Task prompt: Print the data that follows exactly as it stands, from its first line through the line containing "14 Rolls Colored", and stop there.

Scraped caption text data
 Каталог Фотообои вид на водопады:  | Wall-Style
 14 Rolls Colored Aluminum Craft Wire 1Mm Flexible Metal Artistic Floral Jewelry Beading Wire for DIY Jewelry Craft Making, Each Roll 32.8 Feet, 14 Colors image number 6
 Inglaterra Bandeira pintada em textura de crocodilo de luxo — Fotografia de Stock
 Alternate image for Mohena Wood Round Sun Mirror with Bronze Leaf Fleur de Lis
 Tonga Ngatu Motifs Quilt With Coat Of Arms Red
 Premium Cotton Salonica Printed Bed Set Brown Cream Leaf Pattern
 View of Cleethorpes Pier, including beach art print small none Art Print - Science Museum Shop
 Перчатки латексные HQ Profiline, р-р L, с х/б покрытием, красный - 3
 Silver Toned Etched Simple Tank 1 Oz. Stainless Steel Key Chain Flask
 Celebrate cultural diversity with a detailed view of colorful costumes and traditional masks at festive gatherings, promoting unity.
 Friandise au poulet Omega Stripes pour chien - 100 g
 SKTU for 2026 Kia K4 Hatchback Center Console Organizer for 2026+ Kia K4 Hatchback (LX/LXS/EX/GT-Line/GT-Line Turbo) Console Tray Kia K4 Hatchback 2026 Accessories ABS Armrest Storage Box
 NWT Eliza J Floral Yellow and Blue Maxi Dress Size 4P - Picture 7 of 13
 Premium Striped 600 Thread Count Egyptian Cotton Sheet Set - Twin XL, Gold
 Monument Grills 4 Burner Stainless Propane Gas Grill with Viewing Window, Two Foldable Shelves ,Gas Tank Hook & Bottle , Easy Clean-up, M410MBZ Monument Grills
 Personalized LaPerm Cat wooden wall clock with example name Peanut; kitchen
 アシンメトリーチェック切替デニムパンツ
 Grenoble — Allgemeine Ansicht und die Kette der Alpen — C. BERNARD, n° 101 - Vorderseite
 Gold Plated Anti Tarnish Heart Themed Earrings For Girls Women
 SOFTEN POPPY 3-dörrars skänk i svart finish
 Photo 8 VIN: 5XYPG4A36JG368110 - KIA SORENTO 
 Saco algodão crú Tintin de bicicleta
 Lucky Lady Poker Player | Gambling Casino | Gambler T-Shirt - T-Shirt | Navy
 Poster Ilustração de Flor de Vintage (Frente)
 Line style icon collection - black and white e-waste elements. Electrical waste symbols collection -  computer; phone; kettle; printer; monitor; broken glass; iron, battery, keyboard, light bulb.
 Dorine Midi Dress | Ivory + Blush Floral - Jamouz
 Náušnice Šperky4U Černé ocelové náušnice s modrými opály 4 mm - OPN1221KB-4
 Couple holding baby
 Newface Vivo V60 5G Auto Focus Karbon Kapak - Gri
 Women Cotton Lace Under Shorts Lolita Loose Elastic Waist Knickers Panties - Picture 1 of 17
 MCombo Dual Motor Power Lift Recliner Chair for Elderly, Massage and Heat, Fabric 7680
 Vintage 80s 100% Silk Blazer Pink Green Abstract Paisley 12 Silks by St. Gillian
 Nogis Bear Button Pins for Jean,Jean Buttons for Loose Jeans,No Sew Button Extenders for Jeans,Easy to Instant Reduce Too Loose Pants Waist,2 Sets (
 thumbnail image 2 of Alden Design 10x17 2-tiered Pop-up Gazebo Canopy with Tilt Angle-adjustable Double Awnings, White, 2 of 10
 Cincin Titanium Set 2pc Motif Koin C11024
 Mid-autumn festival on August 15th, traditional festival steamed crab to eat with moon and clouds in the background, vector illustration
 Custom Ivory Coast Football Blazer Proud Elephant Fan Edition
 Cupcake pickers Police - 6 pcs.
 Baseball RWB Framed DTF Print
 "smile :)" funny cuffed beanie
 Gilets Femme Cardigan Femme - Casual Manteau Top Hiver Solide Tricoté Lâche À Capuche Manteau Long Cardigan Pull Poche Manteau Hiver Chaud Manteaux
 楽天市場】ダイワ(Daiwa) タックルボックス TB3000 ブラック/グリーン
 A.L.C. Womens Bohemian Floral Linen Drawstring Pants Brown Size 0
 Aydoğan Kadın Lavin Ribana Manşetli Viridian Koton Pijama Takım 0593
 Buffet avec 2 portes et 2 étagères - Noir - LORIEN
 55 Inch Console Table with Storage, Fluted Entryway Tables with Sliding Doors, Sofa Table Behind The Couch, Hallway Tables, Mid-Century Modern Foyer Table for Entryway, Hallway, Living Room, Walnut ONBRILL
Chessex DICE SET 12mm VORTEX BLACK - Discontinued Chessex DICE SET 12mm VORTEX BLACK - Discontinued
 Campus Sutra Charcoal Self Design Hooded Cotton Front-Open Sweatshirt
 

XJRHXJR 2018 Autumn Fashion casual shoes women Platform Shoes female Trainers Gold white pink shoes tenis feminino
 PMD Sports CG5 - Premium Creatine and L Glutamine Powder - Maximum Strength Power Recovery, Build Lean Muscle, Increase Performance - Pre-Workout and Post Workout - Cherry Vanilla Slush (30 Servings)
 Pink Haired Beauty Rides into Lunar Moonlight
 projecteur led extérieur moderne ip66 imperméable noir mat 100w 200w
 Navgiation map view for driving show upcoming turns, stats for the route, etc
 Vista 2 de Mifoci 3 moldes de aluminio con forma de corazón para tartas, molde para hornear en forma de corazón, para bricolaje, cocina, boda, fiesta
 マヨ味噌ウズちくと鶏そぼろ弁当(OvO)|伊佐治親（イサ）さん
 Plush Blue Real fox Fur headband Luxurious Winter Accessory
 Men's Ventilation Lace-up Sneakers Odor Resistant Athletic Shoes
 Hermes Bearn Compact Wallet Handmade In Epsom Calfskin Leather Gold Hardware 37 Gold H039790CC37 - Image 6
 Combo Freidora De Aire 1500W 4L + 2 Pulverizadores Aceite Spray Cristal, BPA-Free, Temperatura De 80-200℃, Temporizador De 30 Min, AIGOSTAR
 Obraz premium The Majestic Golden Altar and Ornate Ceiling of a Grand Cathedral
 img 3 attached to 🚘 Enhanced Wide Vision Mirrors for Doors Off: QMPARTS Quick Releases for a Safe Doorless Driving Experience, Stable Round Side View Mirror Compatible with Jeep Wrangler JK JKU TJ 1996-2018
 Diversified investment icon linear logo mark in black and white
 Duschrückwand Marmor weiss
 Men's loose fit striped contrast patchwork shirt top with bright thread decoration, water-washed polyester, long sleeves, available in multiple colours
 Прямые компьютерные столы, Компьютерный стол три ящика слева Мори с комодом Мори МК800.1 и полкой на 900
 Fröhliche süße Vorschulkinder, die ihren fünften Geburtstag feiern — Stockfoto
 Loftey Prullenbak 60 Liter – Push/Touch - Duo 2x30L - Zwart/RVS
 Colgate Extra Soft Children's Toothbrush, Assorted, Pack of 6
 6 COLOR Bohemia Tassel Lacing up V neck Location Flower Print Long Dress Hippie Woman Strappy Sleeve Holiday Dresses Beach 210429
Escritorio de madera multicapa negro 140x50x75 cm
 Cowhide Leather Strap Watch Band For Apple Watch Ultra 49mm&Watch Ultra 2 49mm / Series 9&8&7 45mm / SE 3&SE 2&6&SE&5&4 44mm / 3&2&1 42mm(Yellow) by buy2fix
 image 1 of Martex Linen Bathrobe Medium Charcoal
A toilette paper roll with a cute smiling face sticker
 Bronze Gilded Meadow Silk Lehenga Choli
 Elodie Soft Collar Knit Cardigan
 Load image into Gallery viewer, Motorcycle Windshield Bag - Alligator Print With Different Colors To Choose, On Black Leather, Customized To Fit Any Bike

Your response:
 Каталог Фотообои вид на водопады:  | Wall-Style
 14 Rolls Colored Aluminum Craft Wire 1Mm Flexible Metal Artistic Floral Jewelry Beading Wire for DIY Jewelry Craft Making, Each Roll 32.8 Feet, 14 Colors image number 6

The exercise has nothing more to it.